Elle évoque ses souvenirs d'enfance, quand elle tombait amoureuse des puces, des moucherons et aimait leur faiblesse et leur innocence, malgré tout ce que cela comportait de ridicule. Elle nous fait part de ses désillusions et de sa conscience de vivre dans un monde d'épouvante avec un moi étranger qui ne lui ressemble pas. Face à cet étourdissant désastre, "le seul moyen de se raccrocher à la vie est de la rêver !"

Pourquoi représenter ? Que dit-on quand on danse ? Et pourquoi est-ce que je danse ? se demande-t-elle.

Elle raconte sa recherche des gestes du silence pour trouver le fil de sa propre réalité anatomique, ressentir sa propre vérité physique, et atteindre une grâce singulière. Pina Bausch refuse et se révolte même contre l'idée et l'impression de soi-disant grâce des danseurs. C'est la grâce qui doit les choisir et non l'inverse, et permettre alors de surpasser les limites du corps.

Elle a appris à danser la vie, même si cela n'en vaut pas toujours la peine; appris le geste du silence. Elle sait qu'écrire avec le corps, en le laissant danser, la délivre du monde.

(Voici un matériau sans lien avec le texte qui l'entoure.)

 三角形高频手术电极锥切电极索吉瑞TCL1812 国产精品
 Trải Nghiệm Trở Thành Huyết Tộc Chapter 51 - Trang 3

« Certaines choses peuvent être dites avec des mots, d'autres avec des mouvements. Mais il y a aussi des moments où les mots nous manquent. Alors commence la danse », nous dit-elle.

Une reine en exil est un très beau spectacle tout en élégance, délicatesse sensibilité. Avec une interprétation subtile, touchante, juste de Sylvie Pellegri.

Une mise en scène sobre et épurée signée Günther Leschnik, qui a fait le choix judicieux d'images d'archives venant de temps en temps ponctuer le jeu de la comédienne. Un texte très fin de Jean-Paul Chabrier, retenu dans son intégralité auquel il a donc décidé de donner toute sa place.